Arztzeit bleibt knappe Ressource

Berlin – Die Zahl der an der vertragsärztlichen Versorgung teilnehmenden Ärztinnen und Ärzte hat sich 2023 im Vergleich zum Vorjahr um 1.029 erhöht (plus 0,7 Prozent). Dies geht aus aktuellen Zahlen des Bundesarztregisters hervor. Bei den Psychologischen Psychotherapeuten gab es ein Plus von 3,4 Prozent (1.114).
Andreas Gassen, Vorstandsvorsitzender der Kassenärztlichen Bundesvereinigung (KBV), warnte in diesem Zusammenhang vor einem durch die Gesundheitspolitik verursachten Niedergang der ambulanten Versorgung.
Immer mehr vertragsärztlich Tätige arbeiteten in der Anstellung, da die schlechten Rahmenbedingungen von einer selbstständigen Tätigkeit in eigener Praxis abschrecken würden. Daher bleibe die Ressource Arztzeit knapp.
Den aktuellen Daten zufolge stieg der Anzahl der in Praxen oder MVZ angestellten Ärztinnen und Ärzte von 2022 zu 2023 um 3.162: Die Zahl der Praxisinhaber sank hingegen um 1.987. Nach wie vor ist zwar die überwiegende Mehrheit der niedergelassenen Ärzte und Psychotherapeuten in der eigenen Praxis tätig (124.653).
Allerdings wählen sie zunehmend flexiblere Arbeitsformen: Im Jahr 2023 entschieden sich erstmals mehr als 50.000 für eine Anstellung und erstmals mehr als 60.000 für eine Teilzeitbeschäftigung. Seit 2013 verzeichnet die Teilzeittätigkeit ein Plus von 235 Prozent. Die Anzahl der Anstellungen hat sich in diesem Zeitraum verdoppelt.
Die KBV hatte bereits mehrfach darauf hingewiesen, dass all diese Faktoren zusammengenommen dazu führen, dass hinzukommende Ärzte nur einen Teil der bisher tätigen Ärzteschaft ersetzen und das Versorgungsangebot insgesamt abnimmt.
„Das Gesundheitswesen ist einer der wenigen Leuchttürme in unserem Land, noch funktioniert es sehr gut“, betonte Gassen. Wenn Bundesgesundheitsminister Karl Lauterbach richtigerweise davon spreche, die ambulante Versorgung stärken zu wollen, dann müsse es darum gehen, die Rahmenbedingungen für die Praxen zu verbessern. „Wir brauchen keine Versorgung-light in sogenannten Gesundheitskiosken, sondern angemessene Strukturen für die Haus- und Facharztpraxen“, sagte Gassen.

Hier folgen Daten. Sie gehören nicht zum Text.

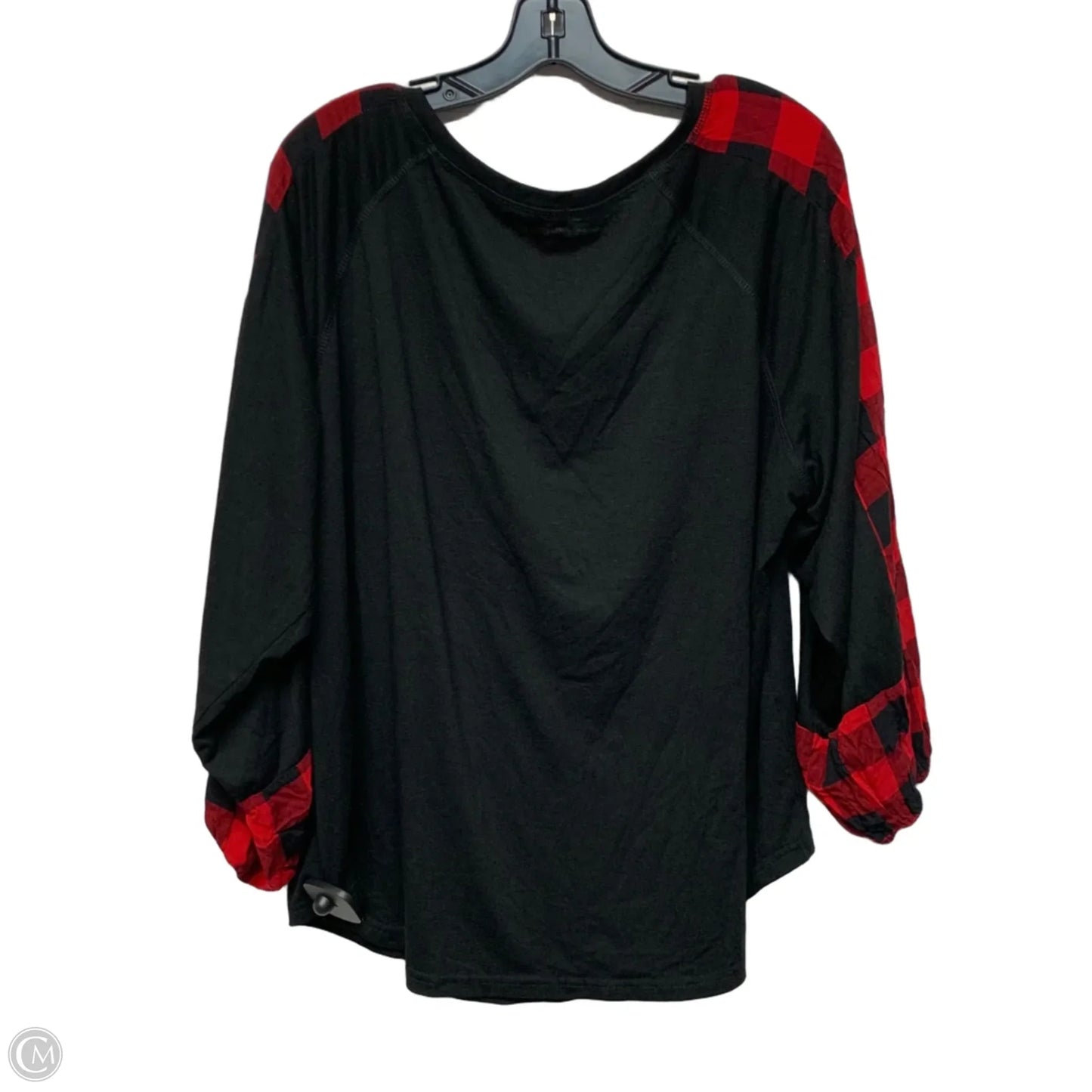 Top Long Sleeve By Beyove In Black & Red, Size: Xxl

Der stellvertretende KBV-Vorstandsvorsitzende Stephan Hofmeister konstatierte, unter den derzeitigen schlechten Rahmenbedingungen – er verwies unter anderem auf überbordende Bürokratie und dysfunktionale Digitalisierung –, dürfte es schwierig sein, „selbst mit den kreativsten Förderprogrammen junge Kolleginnen und Kollegen für die Niederlassung zu begeistern“. Die Gefahr eines Ausblutens der ambulanten Versorgung sei längst nicht gebannt.
KBV-Vorstandsmitglied Sibylle Steiner forderte „Verlässlichkeit und gegenseitiges Vertrauen statt vager Versprechungen und mangelnder Wertschätzung“ in der Gesundheitspolitik. So, wie es jetzt laufe, sei auf Dauer keine ambulante Versorgung in den Praxen mehr möglich.
„Ohne politische Verlässlichkeit lässt sich deren Betrieb nur noch unter höchsten persönlichen Anstrengungen aufrechterhalten. Ganz zu schweigen davon, dass – ohne jenes Maß an Verlässlichkeit – kaum noch jemand dazu zu bewegen sein wird, eine ärztliche oder psychotherapeutische Praxis zu übernehmen oder zu gründen“, so die KBV-Vorständin.